To cope with issues 1 and 2, we proposed a methodology that makes use of what we called Attention with Complement Information, i.e., a mechanism of attention which first of all is applied over graphs adjacency matrix to use both local and global information, and then that takes as input not only the matrix itself but also the complement of the matrix, following the intuition, commonly implied also by many state-of-the-art heuristics, that in order to identify candidate nodes to a covering set, it could be useful to know their interaction with other nodes and that the complement of such interaction may provide a better scoring when two nodes have similar interactions. We then use the output of such attention mechanism, properly transformed, as input to an LSTM-based decoder network followed by a SoftMax activation layer to produce the final probability distribution.
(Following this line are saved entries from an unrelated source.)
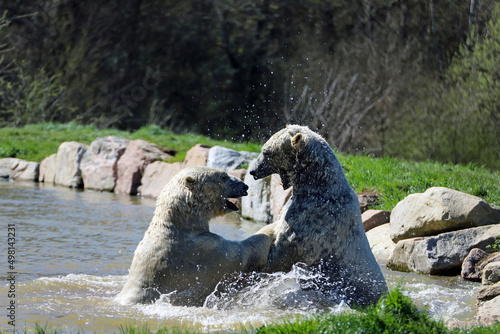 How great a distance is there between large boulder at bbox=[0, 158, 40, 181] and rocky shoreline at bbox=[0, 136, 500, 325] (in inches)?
95.6

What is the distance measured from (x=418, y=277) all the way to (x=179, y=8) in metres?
27.5

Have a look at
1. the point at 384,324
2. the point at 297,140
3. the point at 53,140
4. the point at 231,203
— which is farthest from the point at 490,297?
the point at 53,140

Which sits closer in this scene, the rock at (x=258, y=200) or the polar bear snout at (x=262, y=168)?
the polar bear snout at (x=262, y=168)

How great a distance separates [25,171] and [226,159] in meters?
6.66

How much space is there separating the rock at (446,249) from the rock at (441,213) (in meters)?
0.24

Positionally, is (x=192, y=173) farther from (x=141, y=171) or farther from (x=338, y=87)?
(x=338, y=87)

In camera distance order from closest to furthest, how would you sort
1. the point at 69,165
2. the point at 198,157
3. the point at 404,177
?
the point at 404,177, the point at 198,157, the point at 69,165

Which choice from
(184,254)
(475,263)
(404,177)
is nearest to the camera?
(184,254)

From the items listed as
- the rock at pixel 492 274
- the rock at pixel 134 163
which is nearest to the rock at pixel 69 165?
the rock at pixel 134 163

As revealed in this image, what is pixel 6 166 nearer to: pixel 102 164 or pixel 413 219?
pixel 102 164

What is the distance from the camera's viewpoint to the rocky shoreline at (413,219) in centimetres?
705

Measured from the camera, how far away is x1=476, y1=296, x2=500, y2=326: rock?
16.2 feet

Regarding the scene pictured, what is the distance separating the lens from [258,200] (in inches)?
444

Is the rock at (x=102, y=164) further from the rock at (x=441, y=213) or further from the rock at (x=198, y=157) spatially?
the rock at (x=441, y=213) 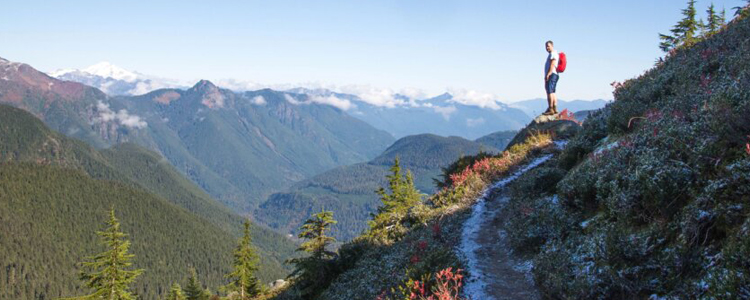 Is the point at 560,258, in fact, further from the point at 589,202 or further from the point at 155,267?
the point at 155,267


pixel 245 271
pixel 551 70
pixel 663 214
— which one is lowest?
pixel 245 271

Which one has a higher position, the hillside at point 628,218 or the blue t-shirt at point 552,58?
the blue t-shirt at point 552,58

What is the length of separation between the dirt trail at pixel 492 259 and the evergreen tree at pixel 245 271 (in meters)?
28.6

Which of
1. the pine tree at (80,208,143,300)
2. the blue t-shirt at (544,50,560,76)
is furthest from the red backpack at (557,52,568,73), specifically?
→ the pine tree at (80,208,143,300)

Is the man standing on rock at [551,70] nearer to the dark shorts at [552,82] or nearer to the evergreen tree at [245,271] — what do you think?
the dark shorts at [552,82]

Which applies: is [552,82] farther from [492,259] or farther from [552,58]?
[492,259]

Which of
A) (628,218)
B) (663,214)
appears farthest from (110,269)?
(663,214)

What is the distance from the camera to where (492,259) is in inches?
415

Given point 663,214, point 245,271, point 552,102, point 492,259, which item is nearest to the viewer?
point 663,214

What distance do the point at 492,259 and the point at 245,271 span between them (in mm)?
33281

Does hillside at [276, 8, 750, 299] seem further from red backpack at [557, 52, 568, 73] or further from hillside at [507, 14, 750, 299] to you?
red backpack at [557, 52, 568, 73]

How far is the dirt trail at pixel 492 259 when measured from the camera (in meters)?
8.54

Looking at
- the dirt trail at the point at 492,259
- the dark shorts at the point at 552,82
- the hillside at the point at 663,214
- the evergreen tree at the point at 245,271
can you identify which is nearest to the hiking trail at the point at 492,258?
the dirt trail at the point at 492,259

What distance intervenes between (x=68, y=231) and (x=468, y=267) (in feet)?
748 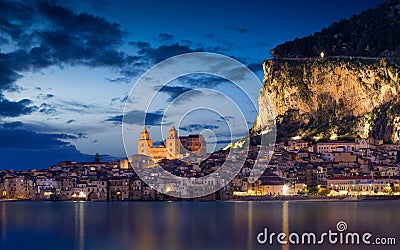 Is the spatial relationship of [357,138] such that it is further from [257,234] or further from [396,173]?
[257,234]

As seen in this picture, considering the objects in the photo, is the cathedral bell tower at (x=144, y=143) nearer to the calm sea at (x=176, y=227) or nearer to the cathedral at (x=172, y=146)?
the cathedral at (x=172, y=146)

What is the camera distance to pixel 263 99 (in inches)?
2650

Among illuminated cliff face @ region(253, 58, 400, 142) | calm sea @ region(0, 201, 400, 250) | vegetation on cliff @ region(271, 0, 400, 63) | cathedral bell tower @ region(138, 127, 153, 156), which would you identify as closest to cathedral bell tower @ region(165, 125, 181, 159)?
cathedral bell tower @ region(138, 127, 153, 156)

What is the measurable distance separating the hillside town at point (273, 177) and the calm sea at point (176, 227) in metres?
12.3

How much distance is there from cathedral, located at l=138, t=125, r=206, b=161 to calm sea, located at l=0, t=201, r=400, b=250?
3782 cm

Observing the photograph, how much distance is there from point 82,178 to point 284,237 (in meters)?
29.5

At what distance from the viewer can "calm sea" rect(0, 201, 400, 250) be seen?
61.0 ft

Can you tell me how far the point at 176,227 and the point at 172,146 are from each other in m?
47.2

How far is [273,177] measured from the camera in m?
43.0

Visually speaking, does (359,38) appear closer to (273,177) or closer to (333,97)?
(333,97)

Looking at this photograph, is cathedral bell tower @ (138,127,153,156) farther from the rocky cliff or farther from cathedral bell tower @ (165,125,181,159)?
the rocky cliff

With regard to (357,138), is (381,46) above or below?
above

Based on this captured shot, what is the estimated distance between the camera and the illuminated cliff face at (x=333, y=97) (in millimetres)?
55781

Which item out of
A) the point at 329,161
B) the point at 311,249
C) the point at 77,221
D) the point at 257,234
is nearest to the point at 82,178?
the point at 329,161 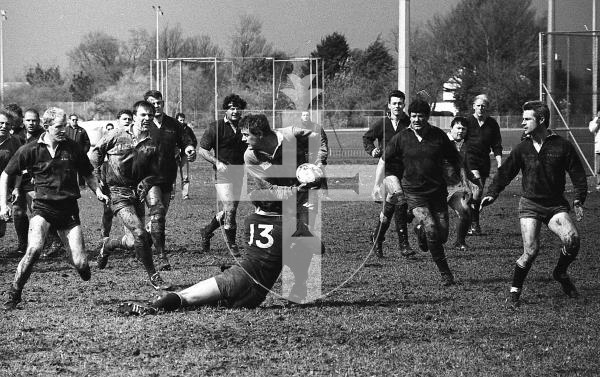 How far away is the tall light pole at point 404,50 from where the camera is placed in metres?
21.8

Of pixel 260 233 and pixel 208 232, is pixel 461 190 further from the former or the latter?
pixel 260 233

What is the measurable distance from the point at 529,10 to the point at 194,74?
87.5 ft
We showed that our methodology can outperform not only a common 2-factor approximation algorithm for MVC but also a widely used state-of-the-art heuristic known as FastVC both on low-density graphs and on higher-density graphs. Moreover, if our approach is relatively slower with low-density graphs with respect to both the 2-factor approximation algorithm and the FastVC heuristic, it scales much better than FastVC on higher-density graphs. This represents a great advantage, also meaning that for MVC tasks on graphs of comparable size to the ones used to train our neural model, our methodology should be preferred to other state-of-the-art approaches.
Finally, we also proved that our attention mechanism with complement information manages to draw a proper representation of the nodes according to the combinatorial nature of the MVC problem. This is extremely important since it demonstrates that our work manages to address the three main issues of the DL-based approach for combinatorial optimization over graphs. As far as we know, this makes our proposal one of the firsts to address these main challenges successfully. Nonetheless, another advantage of our methodology is that we provide a new validated method to build node embeddings in a meaningful way. The embeddings produced, indeed, could be used and tested also for different task-related MVC problems. In this research, we have explained that there is a strong similarity between the iterative algorithm proposed to build the final solution of our method and the iterative algorithm used by FastVC to initialize its solution. However, in FastVC, after initializing the solution, the authors propose to refine the solution by changing the nodes in the covering set according to a cost-effective heuristic called Best from Multiple Selections (BMS). Thus, a possible future direction of this work could be that of understanding how, by applying the BMS heuristic, we could improve the results and in which time.
We consider this work as a step towards a new family of solvers for NP-hard problems that leverages and customize DL properly, and, in particular, we will try to extend the results of such work also on the less explored context of temporal networks, where many combinatorial NP-hard problems, like the minimum timeline cover [
27,
54], do not have an approximate solution.